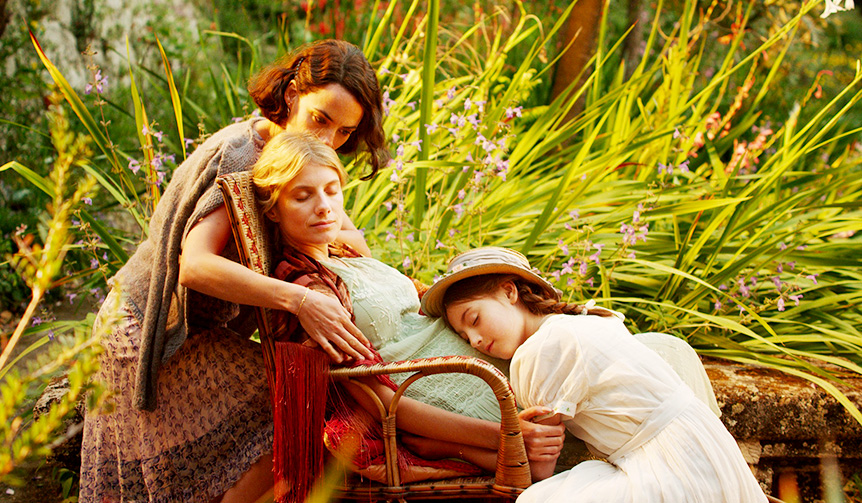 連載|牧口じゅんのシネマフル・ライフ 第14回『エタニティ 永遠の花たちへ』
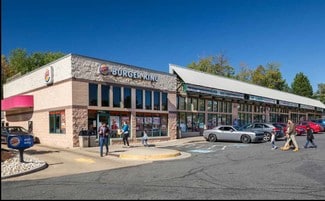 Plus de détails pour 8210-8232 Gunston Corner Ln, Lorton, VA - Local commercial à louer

==

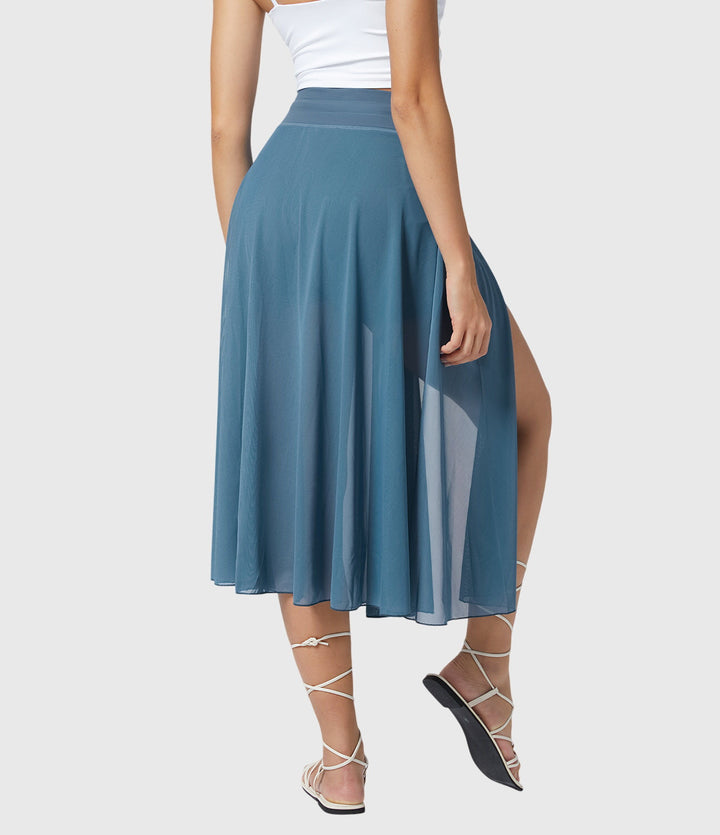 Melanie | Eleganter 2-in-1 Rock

* * *

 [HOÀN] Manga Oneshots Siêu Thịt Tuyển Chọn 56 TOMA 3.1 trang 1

**Activity**
Starting at the line containing "連載|牧口じゅんのシネマフル・ライフ 第14回『エタニティ 永遠の花たちへ』" and stopping at the line containing "Plus de détails", output every line above exactly, both ends included, with pictures omitted.

**Solution to this task**
 連載|牧口じゅんのシネマフル・ライフ 第14回『エタニティ 永遠の花たちへ』
 Plus de détails pour 8210-8232 Gunston Corner Ln, Lorton, VA - Local commercial à louer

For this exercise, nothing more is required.